After college, Ballmer worked as an assistant product manager at Procter & Gamble for two years, where he was in charge of Duncan Hines brownie mix, blueberry muffin mix, and Moist ‘n’ Easy Snack Cake mix. Deciding that selling cake mix wasn’t what he wanted to do with his life, he briefly tried writing screenplays in Hollywood. When that didn’t lead where he wanted to be, he started attending the Stanford Graduate School of Business for his MBA. Then his Harvard buddy Gates came back into the picture.
Steve Ballmer at Microsoft
While he was halfway through his first year at Stanford, Gates phoned him, recruiting. Software was an unproven thing, but Gates was convincing, and it sounded better than selling cake mix. So Ballmer joined Microsoft on June 11, 1980. He was Microsoft’s 30th employee. His initial salary was $50,000 plus 10% of the profit he generated and no equity.
Ballmer’s profit-share ballooned out of control as Microsoft grew. When Microsoft reorganized as a corporation instead of a private partnership in 1981, Ballmer took 8% of the company in exchange for cancelling the profit-sharing model. He sold half his stake for about $955 million in 2003.
In his first 20 years at the company, Ballmer headed several Microsoft divisions, including operations, operating systems development, and sales and support. In February 1992, he became Executive Vice President for Sales and Support. Ballmer led Microsoft’s development of the .NET Framework. And in July 1998, Microsoft promoted Ballmer to President, making him the de facto number two after the chairman and CEO, Bill Gates.
Microsoft chief executive officer, 2000–2014
On January 13, 2000, Ballmer was officially named the chief executive officer of Microsoft, succeeding Bill Gates. Gates remained chairman of the board and still retained control of the “technological vision” as chief software architect until 2006.
When Ballmer took over as CEO, the company was fighting an antitrust lawsuit brought on by the U.S. government and 20 states. Gates’ preference was to fight, but Ballmer sought to settle the litigation, seeing the ligitation as all downside.
Ballmer had mixed results as Microsoft CEO. The company’s annual revenue surged from $25 billion to $70 billion. Meanwhile, its net income increased 215% to $23 billion. Its gross profit of 75 cents on every dollar was double that of IBM or the darling post-dotcom juggernaut Google. And in 2012, Businessweek said Microsoft had arguably its best product lineup in its history.

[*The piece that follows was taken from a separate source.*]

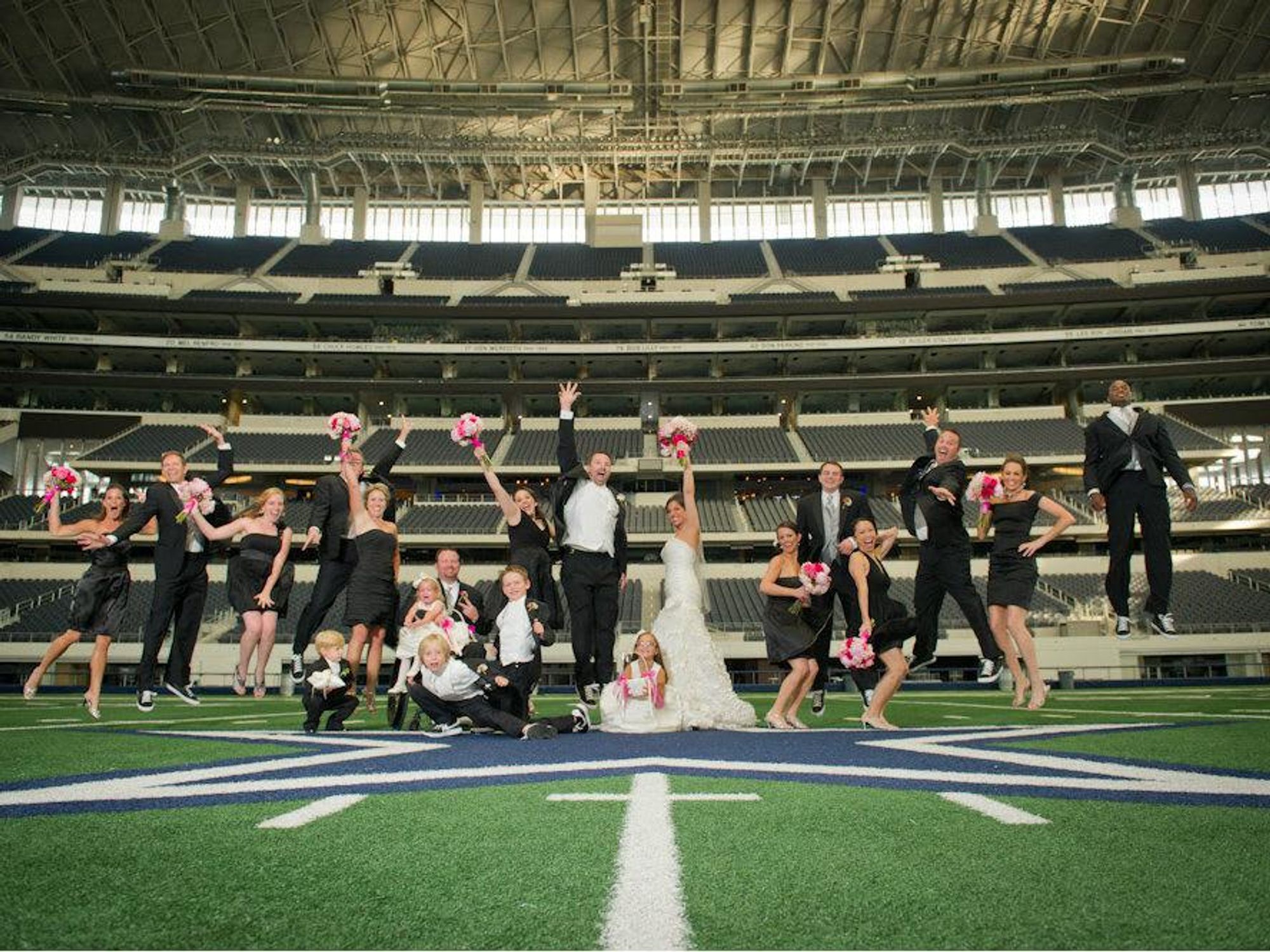 Wedding at AT&T Stadium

Ballmer’s mixed track record
Ballmer’s total annual profit growth rate of 16.4% exceeded that of well-known CEOs like General Electric’s Jack Welch, at 11.2%, and IBM’s Lou Gerstner, at 2%. It came from growing the existing Windows and Office franchises but also expanding into SaaS with Office 365 (mimicking Adobe’s subscription model) and cloud services, each of which grew larger than the Windows division.
And yet, during his tenure, Microsoft’s share price stagnated.
The knock on Ballmer was that he failed to capitalize on emerging consumer technologies like tablets, smartphones, headsets, and music players and thus missed out on growth opportunities. Microsoft in many cases had projects in these spaces before Apple or Google did, but Ballmer required detailed business justification to approve new products, rather than allowing hundreds of products that sounded potentially interesting or trendy. The result was when Apple or Google released something, Microsoft had to play catch-up. In May 2012, hedge fund manager David Einhorn called on Ballmer to step down. The same month, Adam Hartung called Ballmer “the worst CEO of a large publicly traded American company”, saying he had “steered Microsoft out of some of the fastest growing and most lucrative tech markets (mobile music, headsets and tablets).”
Infamous Ballmer missteps
Ballmer infamously said the iPhone would never sell because of its high price of $600-$700. He later justified his opinion by saying he didn’t anticipate carriers rolling the price into customers’ monthly bill.
As part of his plans to expand on hardware, on June 19, 2012, Ballmer revealed Microsoft’s first ever computer device, a tablet called Microsoft Surface at an event held in Hollywood, Los Angeles. He followed this by announcing the company’s purchase of Nokia’s mobile phone division in September 2013, his last major acquisition for Microsoft as CEO. While the Surface did evolve into a successful product line, Microsoft’s foray into phones did not. Ballmer never learned to play the infinite game like Steve Jobs did.
On August 23, 2013, Microsoft announced that Ballmer would retire within the next 12 months. Here’s my surprised blog post I wrote the day after. On February 4, 2014, Satya Nadella succeeded Ballmer as CEO.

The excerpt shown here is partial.